■ **Task item**:
Starting at the line with "Building Photo - 486 Highland Ave", retype every remaining line of the records exactly. Do not include pictures.

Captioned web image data
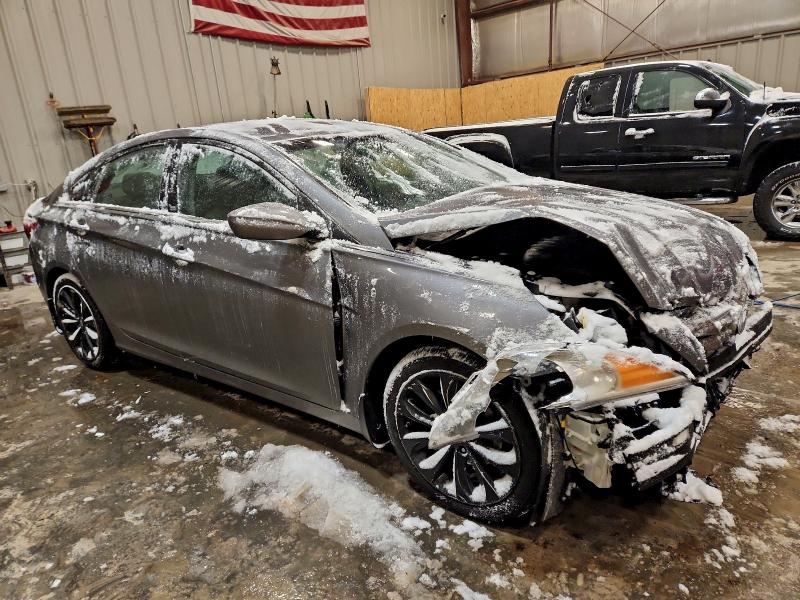 Photo 4 from auction – 2011 HYUNDAI SONATA SE with VIN 5NPEC4AC8BH247804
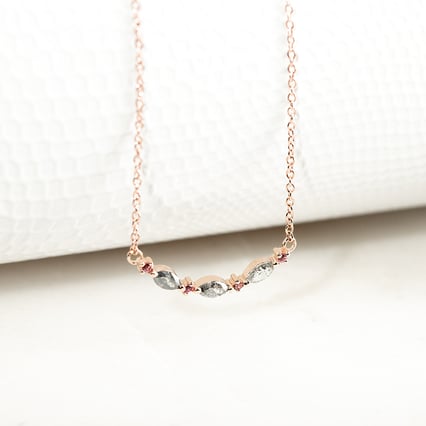 Halskette mit Salt and Pepper Diamanten in Marquise Form und Turmalinen Milli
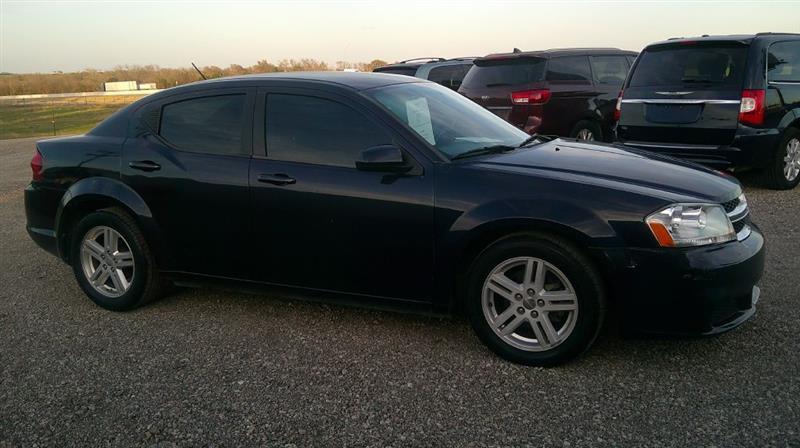 Dodge Avenger  2012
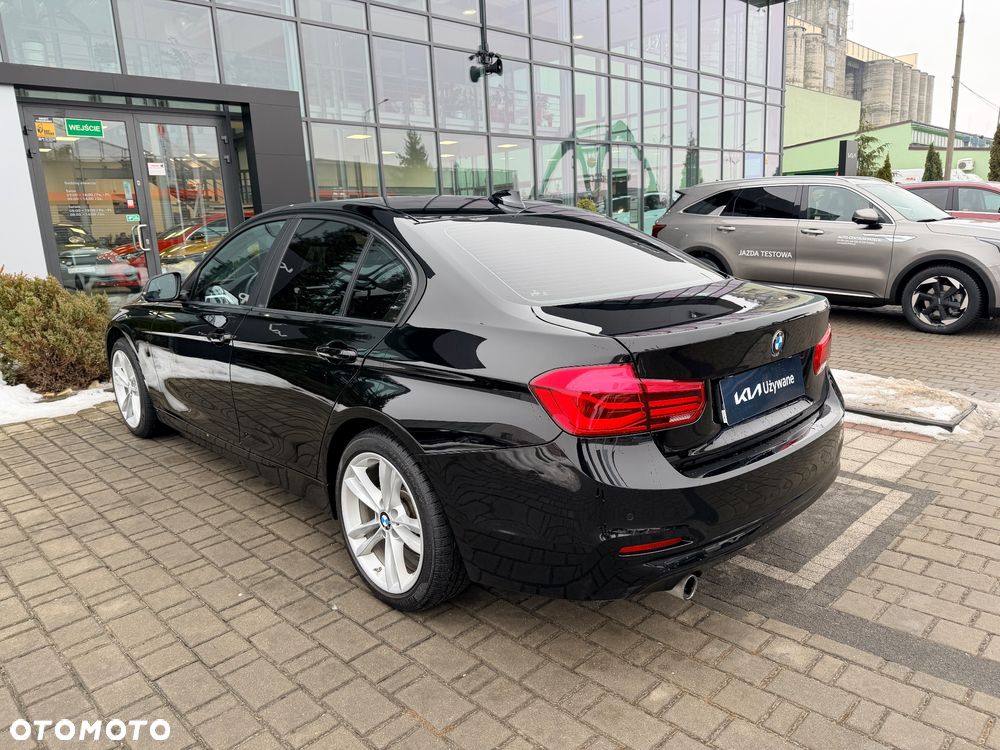 BMW Seria 3 318i - 5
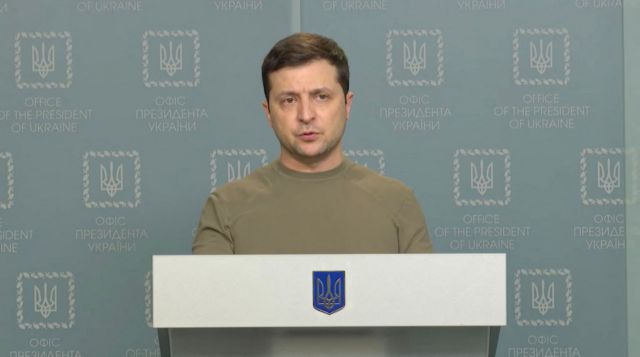Ουκρανία: Ο Ζελένσκι διαψεύδει ότι έφυγε από το Κίεβο – «Δεν καταθέτουμε τα όπλα» λέει σε νέο μήνυμά του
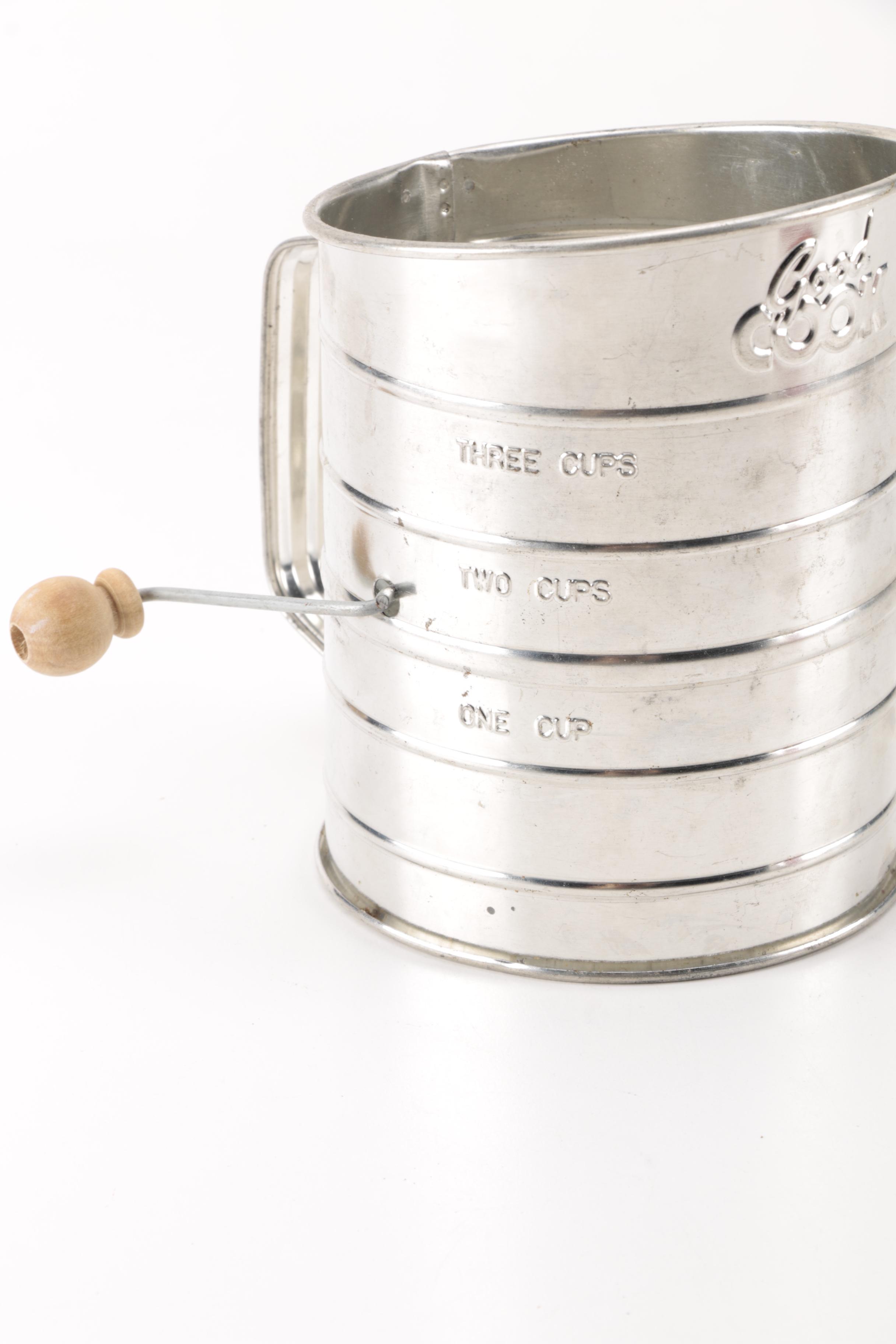 Assortment of Vintage Kitchen Items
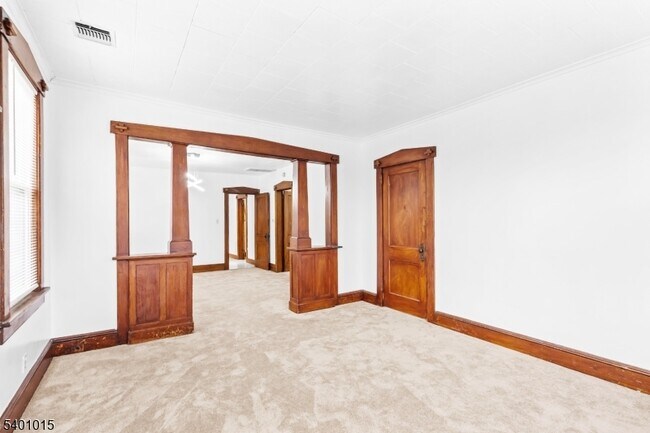 Building Photo - 486 Highland Ave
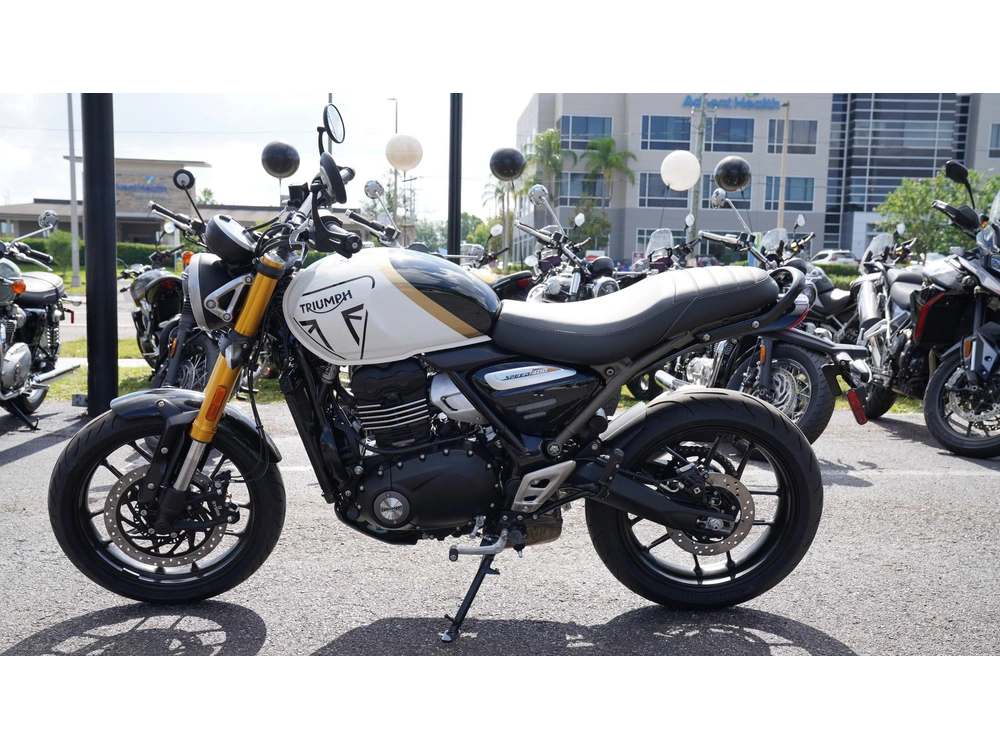 2026 Triumph Speed 400 alt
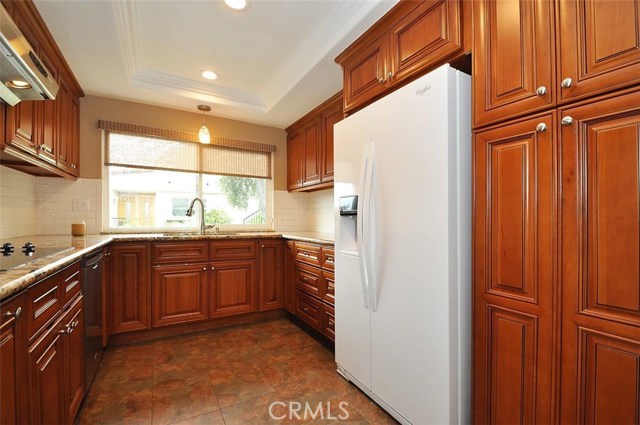 134 Aspen Way, Rolling Hills Estates, California 90274, 3 Bedrooms Bedrooms, ,2 BathroomsBathrooms,Residential,Sold,Aspen,PV19090589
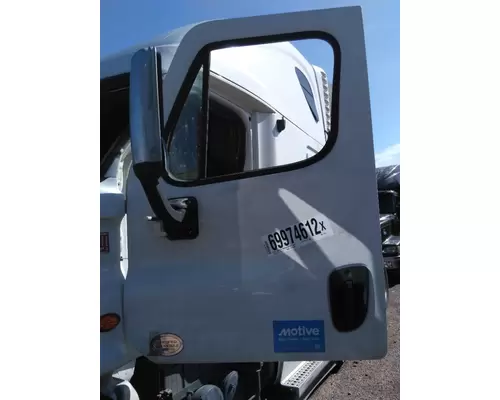 FREIGHTLINER CASCADIA 125 DOOR ASSEMBLY, FRONT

■ **Worked solution**:
 Building Photo - 486 Highland Ave
 2026 Triumph Speed 400 alt
 134 Aspen Way, Rolling Hills Estates, California 90274, 3 Bedrooms Bedrooms, ,2 BathroomsBathrooms,Residential,Sold,Aspen,PV19090589
 FREIGHTLINER CASCADIA 125 DOOR ASSEMBLY, FRONT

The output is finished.